The Five-Star System Is Broken. So I Built Something Better.
The new GlobeFoxing Five Fox standard that measures service, sleep, food, ease, and character exactly how travelers experience them.
This is part two of our series on what makes a five-star hotel, you can read part one here.

In the last edition of GlobeFoxing, I made my case for why the current five-star rating system is obsolete or, at best, in need of a rethink. In doing so, I left plenty of questions unanswered when it came to providing an alternative.

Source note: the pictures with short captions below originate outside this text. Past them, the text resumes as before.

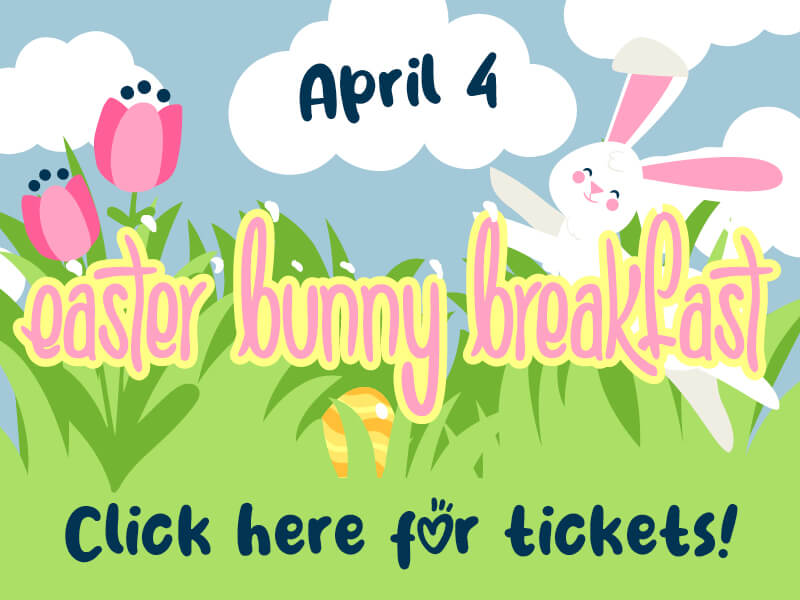 Easter Bunny Breakfast 1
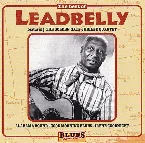 Pochette The Best of Leadbelly featuring The Golden Gate Jubilee Quartet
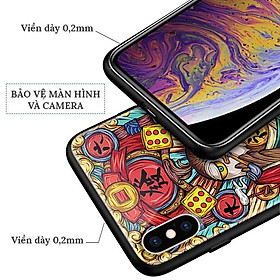 Ốp Lưng Chibi Trung Hoa Kiểu Lạ dành cho Iphone 6/6 plus/6S/6S Plus/7/7Plus/8/8Plus/X/Xs/Xs Max/11/11 Promax/12/12 Promax Lpc21010196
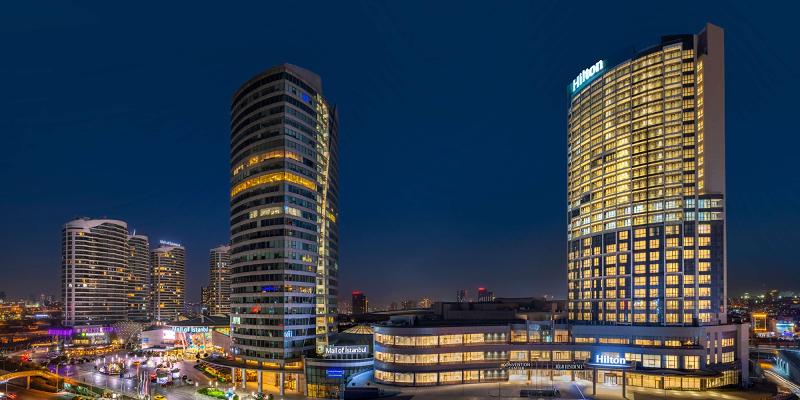 Hilton Mall Of Istanbul - Genel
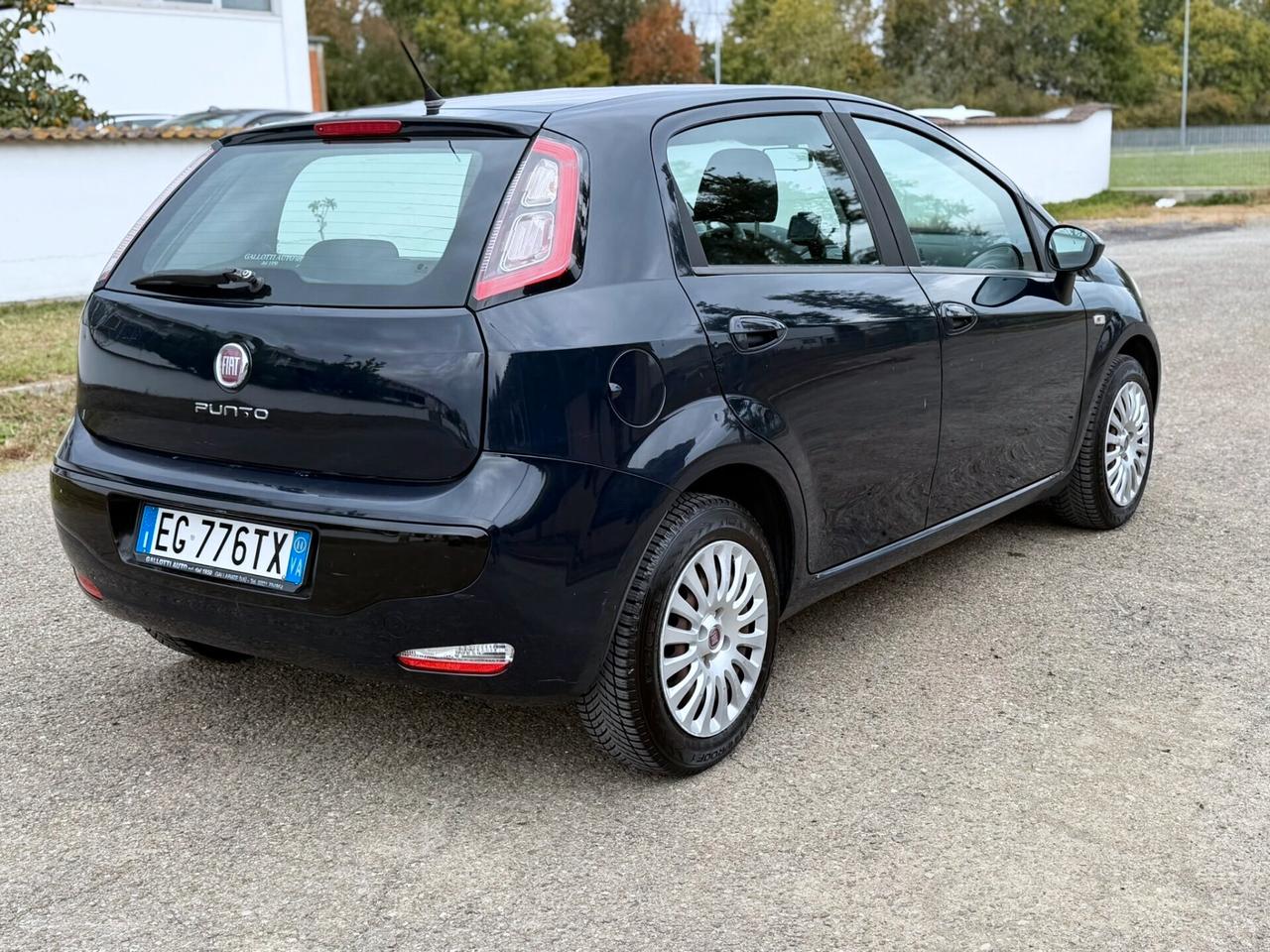 Fiat Punto Evo 1.4 BENZINA EURO 5B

That is why I am glad to present part two of our series on what makes a five-star hotel and introduce the GlobeFoxing Five Fox framework for evaluating hotels.
In this article, I will present you with the five categories that should be weighed up when deciding where to stay. The idea is that the Five Fox ranking will help you find the right hotel for what you value.
Service
Your chances of returning to a hotel will often hinge very much on the human element. How welcome do the staff make you feel upon arrival? Do they do their best to be understanding of the fact that you’ve taken a red-eye flight and desperately need a shower, even though it’s still officially too early to check in? Or do they make you feel like an idiot who can’t read the fine print?
You can already understand the caliber of the service before you set foot on a property. One simple way of gaging this is to check for a pre-arrival email that also offers support with airport transfers or parking (this is great service and can also be good business for the hotel). The less scripted and more personalized these outreaches are, the better. Of course, a five-hundred-room property cannot be expected to follow up with hand-written notes for every incoming guest, but a total lack of personalized service will point to a very specific issue: staffing.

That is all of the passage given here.